= Beginning of Section =

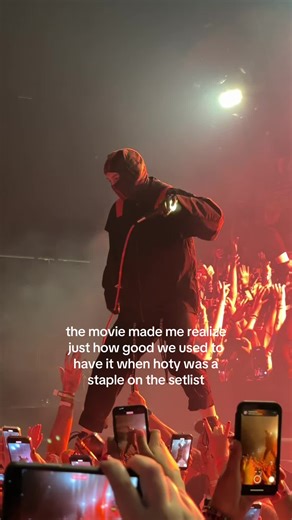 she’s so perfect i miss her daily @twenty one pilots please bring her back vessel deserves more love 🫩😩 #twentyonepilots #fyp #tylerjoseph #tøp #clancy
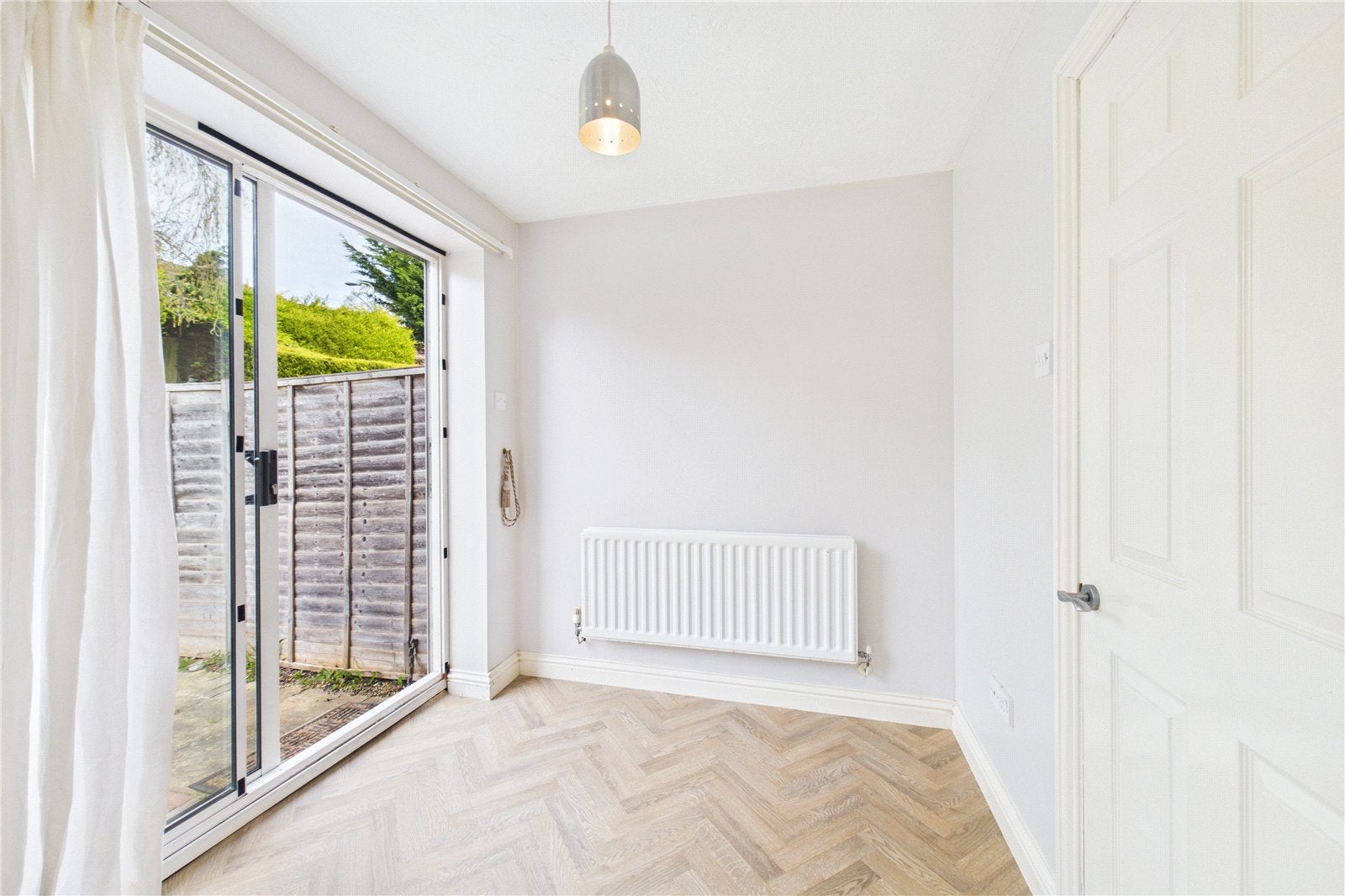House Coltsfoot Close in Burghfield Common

= End of Section =
= Beginning of Section =

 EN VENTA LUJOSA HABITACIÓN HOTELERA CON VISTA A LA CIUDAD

= End of Section =

> What is being asked
Copy only what runs above from the line containing "she’s so perfect" through the line containing "House Coltsfoot Close in Burghfield Common", exactly. Leave out the pictures.

> Final answer
 she’s so perfect i miss her daily @twenty one pilots please bring her back vessel deserves more love 🫩😩 #twentyonepilots #fyp #tylerjoseph #tøp #clancy
House Coltsfoot Close in Burghfield Common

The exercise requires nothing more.